Amendments to the Importation of Intoxicating Liquors Act (IILA) remove federal barriers and now allow individuals to move beer and spirits from one province to another for personal use.

Under the IILA, imports of alcohol must be done by a provincial liquor board or other agency authorized by the province to sell alcohol.
They were adopted as part of the Government of Canada's Economic Action Plan 2014 and follow the government's elimination of similar barriers in 2012 in order to permit the interprovincial movement of wine for personal use.

Under the IILA, imports of alcohol must be done by a provincial liquor board or other agency authorized by the province to sell alcohol. This provision has not changed as a result of the amendments.

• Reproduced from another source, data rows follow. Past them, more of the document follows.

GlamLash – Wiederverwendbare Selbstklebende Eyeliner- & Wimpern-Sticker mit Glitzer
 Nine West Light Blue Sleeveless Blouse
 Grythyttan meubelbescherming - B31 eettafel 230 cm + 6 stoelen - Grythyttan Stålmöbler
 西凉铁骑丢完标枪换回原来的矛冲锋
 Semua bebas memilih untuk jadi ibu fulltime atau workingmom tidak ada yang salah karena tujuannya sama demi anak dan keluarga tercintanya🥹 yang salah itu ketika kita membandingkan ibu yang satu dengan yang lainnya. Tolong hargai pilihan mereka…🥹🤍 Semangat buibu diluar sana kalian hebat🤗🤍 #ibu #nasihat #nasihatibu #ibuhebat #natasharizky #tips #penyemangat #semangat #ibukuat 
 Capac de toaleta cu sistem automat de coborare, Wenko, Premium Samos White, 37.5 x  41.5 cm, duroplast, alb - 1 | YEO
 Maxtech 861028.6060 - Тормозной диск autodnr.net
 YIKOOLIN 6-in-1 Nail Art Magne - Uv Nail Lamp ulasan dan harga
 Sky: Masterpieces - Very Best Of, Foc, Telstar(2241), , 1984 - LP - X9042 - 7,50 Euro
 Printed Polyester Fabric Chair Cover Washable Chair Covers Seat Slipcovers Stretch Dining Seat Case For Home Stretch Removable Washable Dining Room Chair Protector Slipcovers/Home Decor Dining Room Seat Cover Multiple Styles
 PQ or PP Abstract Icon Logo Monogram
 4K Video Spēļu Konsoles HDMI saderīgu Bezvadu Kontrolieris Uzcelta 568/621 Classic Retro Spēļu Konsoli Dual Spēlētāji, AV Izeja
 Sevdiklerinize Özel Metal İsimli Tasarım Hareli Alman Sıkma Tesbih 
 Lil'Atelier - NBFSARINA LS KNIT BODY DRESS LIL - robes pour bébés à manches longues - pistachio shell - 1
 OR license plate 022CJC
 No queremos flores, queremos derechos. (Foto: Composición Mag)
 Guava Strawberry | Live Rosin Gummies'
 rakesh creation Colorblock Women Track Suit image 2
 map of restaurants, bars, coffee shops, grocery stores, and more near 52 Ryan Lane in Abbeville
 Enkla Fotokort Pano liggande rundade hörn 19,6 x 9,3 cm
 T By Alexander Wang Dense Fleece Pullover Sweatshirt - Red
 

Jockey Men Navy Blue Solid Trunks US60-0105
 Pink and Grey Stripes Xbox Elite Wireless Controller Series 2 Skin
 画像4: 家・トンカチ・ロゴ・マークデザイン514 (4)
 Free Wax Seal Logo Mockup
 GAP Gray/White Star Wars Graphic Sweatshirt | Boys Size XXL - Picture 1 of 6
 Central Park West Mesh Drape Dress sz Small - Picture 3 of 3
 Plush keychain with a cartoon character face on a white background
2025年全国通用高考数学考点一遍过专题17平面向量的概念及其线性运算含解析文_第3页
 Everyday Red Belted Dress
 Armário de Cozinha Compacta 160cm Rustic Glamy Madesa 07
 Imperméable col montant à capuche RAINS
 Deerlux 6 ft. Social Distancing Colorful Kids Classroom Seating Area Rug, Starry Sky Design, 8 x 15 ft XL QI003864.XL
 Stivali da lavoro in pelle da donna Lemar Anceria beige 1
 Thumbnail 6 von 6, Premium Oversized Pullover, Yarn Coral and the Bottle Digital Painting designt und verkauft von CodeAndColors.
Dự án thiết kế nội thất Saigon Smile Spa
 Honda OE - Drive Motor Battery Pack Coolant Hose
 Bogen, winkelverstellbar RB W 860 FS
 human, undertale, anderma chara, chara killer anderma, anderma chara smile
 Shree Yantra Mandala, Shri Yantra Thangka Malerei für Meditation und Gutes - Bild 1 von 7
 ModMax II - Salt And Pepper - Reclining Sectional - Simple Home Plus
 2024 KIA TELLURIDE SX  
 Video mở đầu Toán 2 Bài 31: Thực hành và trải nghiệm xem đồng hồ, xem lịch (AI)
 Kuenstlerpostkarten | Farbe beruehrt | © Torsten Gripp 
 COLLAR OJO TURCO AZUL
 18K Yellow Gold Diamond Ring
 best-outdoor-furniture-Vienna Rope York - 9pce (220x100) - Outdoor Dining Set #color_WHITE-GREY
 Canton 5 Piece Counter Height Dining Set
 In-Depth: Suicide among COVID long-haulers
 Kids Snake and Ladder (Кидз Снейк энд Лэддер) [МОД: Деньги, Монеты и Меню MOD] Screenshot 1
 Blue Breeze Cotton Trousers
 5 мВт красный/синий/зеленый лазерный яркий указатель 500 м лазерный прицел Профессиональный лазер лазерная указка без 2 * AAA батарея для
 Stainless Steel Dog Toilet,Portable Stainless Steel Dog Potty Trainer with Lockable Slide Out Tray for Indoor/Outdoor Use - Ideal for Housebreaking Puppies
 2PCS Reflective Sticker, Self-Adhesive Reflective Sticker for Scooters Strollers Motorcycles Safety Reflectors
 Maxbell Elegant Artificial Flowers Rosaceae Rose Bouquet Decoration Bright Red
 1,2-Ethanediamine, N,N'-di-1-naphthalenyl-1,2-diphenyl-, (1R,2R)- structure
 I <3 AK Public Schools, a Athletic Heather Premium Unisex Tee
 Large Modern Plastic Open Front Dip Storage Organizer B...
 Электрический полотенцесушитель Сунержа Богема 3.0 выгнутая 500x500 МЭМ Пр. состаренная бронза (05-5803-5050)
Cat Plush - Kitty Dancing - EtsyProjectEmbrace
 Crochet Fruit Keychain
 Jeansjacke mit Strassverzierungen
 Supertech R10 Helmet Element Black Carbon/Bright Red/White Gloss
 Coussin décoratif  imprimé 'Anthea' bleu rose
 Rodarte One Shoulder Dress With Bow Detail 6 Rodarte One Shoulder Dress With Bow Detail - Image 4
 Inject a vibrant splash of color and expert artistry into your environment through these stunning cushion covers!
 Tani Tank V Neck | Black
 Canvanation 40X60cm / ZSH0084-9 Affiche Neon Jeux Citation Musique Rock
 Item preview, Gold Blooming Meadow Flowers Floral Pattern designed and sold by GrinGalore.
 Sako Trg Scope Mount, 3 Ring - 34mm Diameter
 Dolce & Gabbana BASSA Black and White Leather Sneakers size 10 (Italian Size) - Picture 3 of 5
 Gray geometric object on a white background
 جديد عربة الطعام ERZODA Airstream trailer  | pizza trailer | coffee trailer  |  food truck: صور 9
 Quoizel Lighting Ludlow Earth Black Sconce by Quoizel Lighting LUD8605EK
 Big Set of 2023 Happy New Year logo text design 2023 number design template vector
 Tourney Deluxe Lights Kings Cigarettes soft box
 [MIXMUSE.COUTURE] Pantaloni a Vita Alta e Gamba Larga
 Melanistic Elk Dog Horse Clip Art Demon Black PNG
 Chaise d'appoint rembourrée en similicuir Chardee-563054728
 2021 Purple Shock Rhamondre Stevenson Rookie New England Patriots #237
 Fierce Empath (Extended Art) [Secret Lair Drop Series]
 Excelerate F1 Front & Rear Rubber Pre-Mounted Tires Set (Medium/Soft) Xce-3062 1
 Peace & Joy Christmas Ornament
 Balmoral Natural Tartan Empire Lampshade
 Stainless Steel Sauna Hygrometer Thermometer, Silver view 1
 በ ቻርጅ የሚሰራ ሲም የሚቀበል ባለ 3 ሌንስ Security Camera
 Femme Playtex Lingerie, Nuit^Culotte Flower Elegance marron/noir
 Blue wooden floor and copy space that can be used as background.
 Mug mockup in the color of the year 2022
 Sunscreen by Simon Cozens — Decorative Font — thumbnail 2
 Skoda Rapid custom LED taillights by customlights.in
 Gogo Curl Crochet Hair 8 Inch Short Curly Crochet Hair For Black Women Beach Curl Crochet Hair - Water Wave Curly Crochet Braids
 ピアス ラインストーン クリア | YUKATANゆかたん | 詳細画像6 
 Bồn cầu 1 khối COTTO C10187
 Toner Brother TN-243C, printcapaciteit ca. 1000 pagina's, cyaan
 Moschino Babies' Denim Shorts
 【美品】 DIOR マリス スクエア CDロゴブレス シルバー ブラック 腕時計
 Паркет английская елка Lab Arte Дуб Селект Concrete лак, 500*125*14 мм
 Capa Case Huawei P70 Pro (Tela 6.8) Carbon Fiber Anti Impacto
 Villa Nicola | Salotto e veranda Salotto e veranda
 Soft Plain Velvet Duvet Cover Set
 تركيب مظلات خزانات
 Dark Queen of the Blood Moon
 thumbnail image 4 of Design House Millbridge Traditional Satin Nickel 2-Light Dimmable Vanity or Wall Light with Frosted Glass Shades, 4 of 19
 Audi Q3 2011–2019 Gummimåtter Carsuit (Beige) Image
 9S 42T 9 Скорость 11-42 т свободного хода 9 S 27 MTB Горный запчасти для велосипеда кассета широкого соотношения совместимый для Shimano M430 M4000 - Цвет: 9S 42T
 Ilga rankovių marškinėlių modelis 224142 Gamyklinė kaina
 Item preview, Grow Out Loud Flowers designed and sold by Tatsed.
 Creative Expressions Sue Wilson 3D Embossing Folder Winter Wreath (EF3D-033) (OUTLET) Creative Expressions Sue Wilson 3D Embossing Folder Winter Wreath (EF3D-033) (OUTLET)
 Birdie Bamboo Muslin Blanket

As provincial liquor laws govern the movement, sale, purchase and possession of wine, beer, and spirits within each province, changes to these laws are often also required to allow interprovincial movement. Since the previous amendment in 2012, both British Columbia and Manitoba allow personal importations of wine.

The Government of Canada is encouraging all provinces to support this measure and enact the necessary laws to facilitate and encourage interprovincial trade.

The IILA is a federal law that controls the importation of beer, wine, and spirits into Canada and between provinces. It was enacted in 1928 at the request of the provinces after the revocation of their liquor prohibition laws.

Under Statistics Canada, the beer and liquor stores and agencies sold 21.4 billion Canadian dollars worth of alcoholic beverages during the fiscal year ending March 31, 2013, up 2.2 percent from the previous year. There are over 485 federally licensed breweries across the country, and nearly 150 distilleries.

According to a 2013 study by the Conference Board of Canada, the beer economy supports one out of every 100 jobs in Canada and generates 5.8 billion Canadian dollars in government revenues in the form of product, income, and corporate taxes.